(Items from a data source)
━━━━━━

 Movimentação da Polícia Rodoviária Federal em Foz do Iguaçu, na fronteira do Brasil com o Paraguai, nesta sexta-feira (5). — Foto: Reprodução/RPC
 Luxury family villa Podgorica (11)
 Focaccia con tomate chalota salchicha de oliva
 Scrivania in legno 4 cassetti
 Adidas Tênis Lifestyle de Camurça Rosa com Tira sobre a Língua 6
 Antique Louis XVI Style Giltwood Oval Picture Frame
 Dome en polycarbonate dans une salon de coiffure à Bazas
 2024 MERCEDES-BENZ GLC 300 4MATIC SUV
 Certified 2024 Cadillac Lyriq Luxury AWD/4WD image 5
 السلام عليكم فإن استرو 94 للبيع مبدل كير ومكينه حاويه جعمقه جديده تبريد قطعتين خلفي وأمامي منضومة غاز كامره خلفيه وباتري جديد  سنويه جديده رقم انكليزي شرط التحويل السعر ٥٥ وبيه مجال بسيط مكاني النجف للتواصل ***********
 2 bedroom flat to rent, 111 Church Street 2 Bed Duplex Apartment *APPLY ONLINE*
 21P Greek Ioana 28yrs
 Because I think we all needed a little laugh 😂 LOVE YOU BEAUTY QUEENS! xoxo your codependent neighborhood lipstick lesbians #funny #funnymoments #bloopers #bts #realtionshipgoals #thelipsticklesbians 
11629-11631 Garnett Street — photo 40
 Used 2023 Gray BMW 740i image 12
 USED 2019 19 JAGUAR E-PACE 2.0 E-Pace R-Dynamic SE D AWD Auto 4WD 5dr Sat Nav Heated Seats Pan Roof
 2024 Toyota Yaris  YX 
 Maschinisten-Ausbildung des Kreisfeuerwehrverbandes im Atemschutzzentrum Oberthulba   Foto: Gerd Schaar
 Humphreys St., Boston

━━━━━━

For every entry above, give it back exactly as written.

> _Your response_:
 Movimentação da Polícia Rodoviária Federal em Foz do Iguaçu, na fronteira do Brasil com o Paraguai, nesta sexta-feira (5). — Foto: Reprodução/RPC
 Luxury family villa Podgorica (11)
 Focaccia con tomate chalota salchicha de oliva
 Scrivania in legno 4 cassetti
 Adidas Tênis Lifestyle de Camurça Rosa com Tira sobre a Língua 6
 Antique Louis XVI Style Giltwood Oval Picture Frame
 Dome en polycarbonate dans une salon de coiffure à Bazas
 2024 MERCEDES-BENZ GLC 300 4MATIC SUV
 Certified 2024 Cadillac Lyriq Luxury AWD/4WD image 5
 السلام عليكم فإن استرو 94 للبيع مبدل كير ومكينه حاويه جعمقه جديده تبريد قطعتين خلفي وأمامي منضومة غاز كامره خلفيه وباتري جديد  سنويه جديده رقم انكليزي شرط التحويل السعر ٥٥ وبيه مجال بسيط مكاني النجف للتواصل ***********
 2 bedroom flat to rent, 111 Church Street 2 Bed Duplex Apartment *APPLY ONLINE*
 21P Greek Ioana 28yrs
 Because I think we all needed a little laugh 😂 LOVE YOU BEAUTY QUEENS! xoxo your codependent neighborhood lipstick lesbians #funny #funnymoments #bloopers #bts #realtionshipgoals #thelipsticklesbians 
11629-11631 Garnett Street — photo 40
 Used 2023 Gray BMW 740i image 12
 USED 2019 19 JAGUAR E-PACE 2.0 E-Pace R-Dynamic SE D AWD Auto 4WD 5dr Sat Nav Heated Seats Pan Roof
 2024 Toyota Yaris  YX 
 Maschinisten-Ausbildung des Kreisfeuerwehrverbandes im Atemschutzzentrum Oberthulba   Foto: Gerd Schaar
 Humphreys St., Boston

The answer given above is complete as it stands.